Warner, former chairman of public sector HR group the Society of Chief Personnel Officers (Socpo), said the trend is on the up as more organisations are realising that they can not be successful without good, strong HR management. “Who wants a pessimistic HR director anyway?”

Warner was more concerned about the respondents’ views on bullying, which painted a grim picture of harassment across UK councils.

The research shows that 18% of managers had witnessed bullying by other managers and 21% had seen bullying by councillors.

One in six women said they had been bullied by colleagues in the past year, almost double the rate for men. About 7% of women had taken time off for stress in the same period – again more than double the rate for men.

Warner said that bullying to this degree has been around in workplaces for a long time, but he stressed that the important thing is for people to feel able to do something about it, and feel confident that their organisation will take the problem seriously.

“This is one of those areas where having a policy is a baseline – the messages about zero tolerance and proper behaviour must come form the top,” he said.

Rosalie Ward, national local government officer at public sector union Unison, said the backdrop of continual change in the public sector was a major cause of bullying.

“There has been a sharp increase in workloads and delegated responsibility, but the number of chief officers has been cut and this has resulted in longer working hours and stress, which often leads to bullying behaviour,” she said.

Ward said local government employers must start tackling the “male dominated, long hours, cut- throat culture” otherwise the bullying will get worse. “Urgent action is needed to change this culture and stamp out this problem, but if employers fail to do this Unison will take legal action on behalf of any member who has been bullied at work,” she said.

Steven Sumner, health and safety policy adviser at the Employers Organisation for Local Government, said there is “a huge amount” of information to help employers to tackle bullying.

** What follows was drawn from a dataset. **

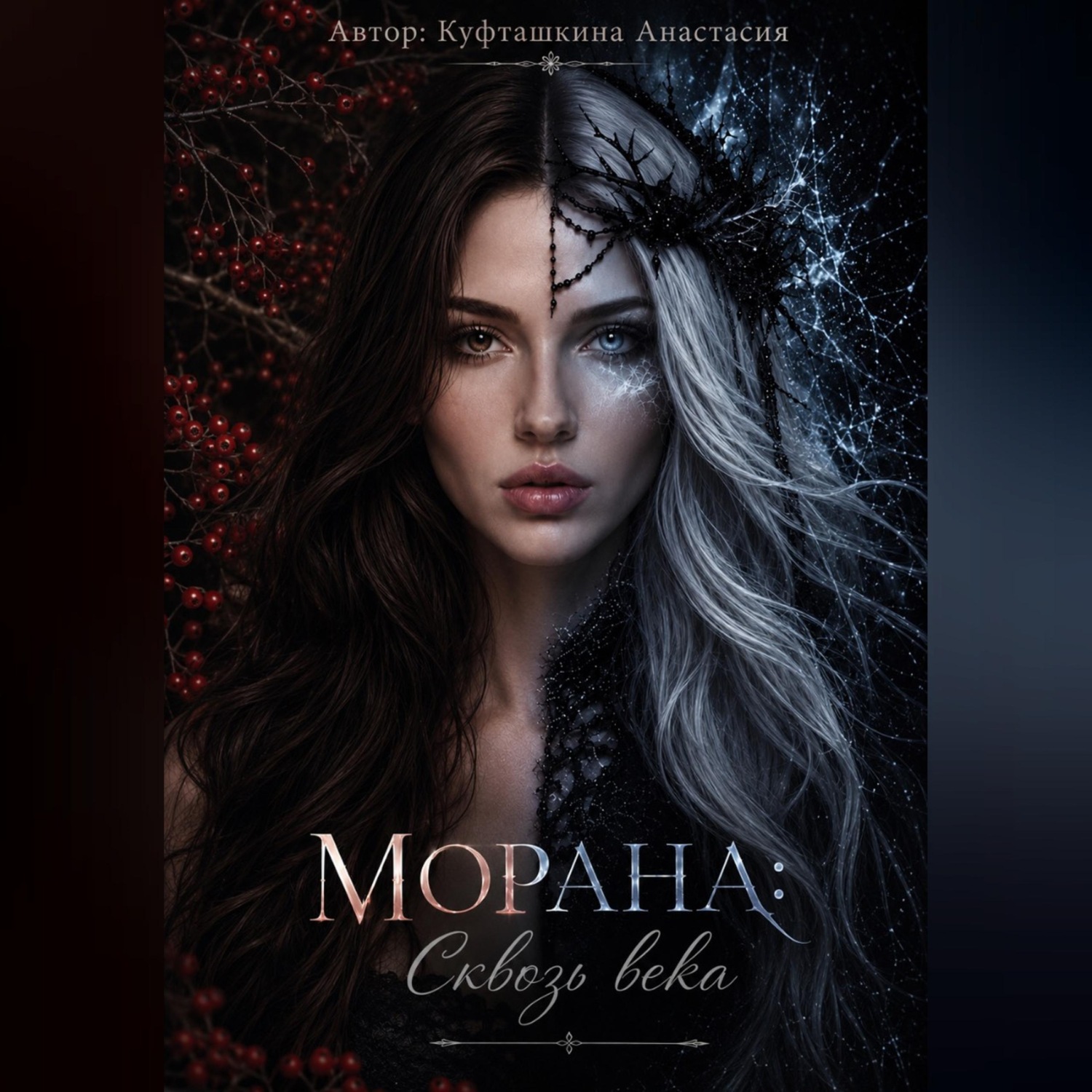 Обложка книги «Морана: Сквозь века»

“If you tap in bullying to Google you get over two million results,” he said. “We would also advise local authorities to sign up to the Health & Safety Executive’s stress standards. Bullying and harassment will result in poor working relations, which leads to stress.”

But it is not all bad news. Despite the worries about bullying, abuse and bureaucracy, most local government managers would recommend a career in local government, the survey shows.

Jan Parkinson, Gateshead Council’s strategic director for HR and president of Socpo, told researchers: “The fact that 80% of managers would recommend a career in local government is very positive considering the image problem we often think we have. Staff are our best ambassadors.”

HR is the best place to be

How local government managers feel (overall)
8% feel secure
9% feel respected
57% think they are making a difference to local people
22% of managers have a very poor work-life balance,
20% have witnessed bullying by colleagues in the past year
21% more have seen bullying by councillors in the past year
80% would recommend a job in local government.

How local government HR managers feel

20% feel respected
70% think HR has grown in influence
70% have good work-life balance
89% would recommend a job in local government
43% are less stressed than other specialisms.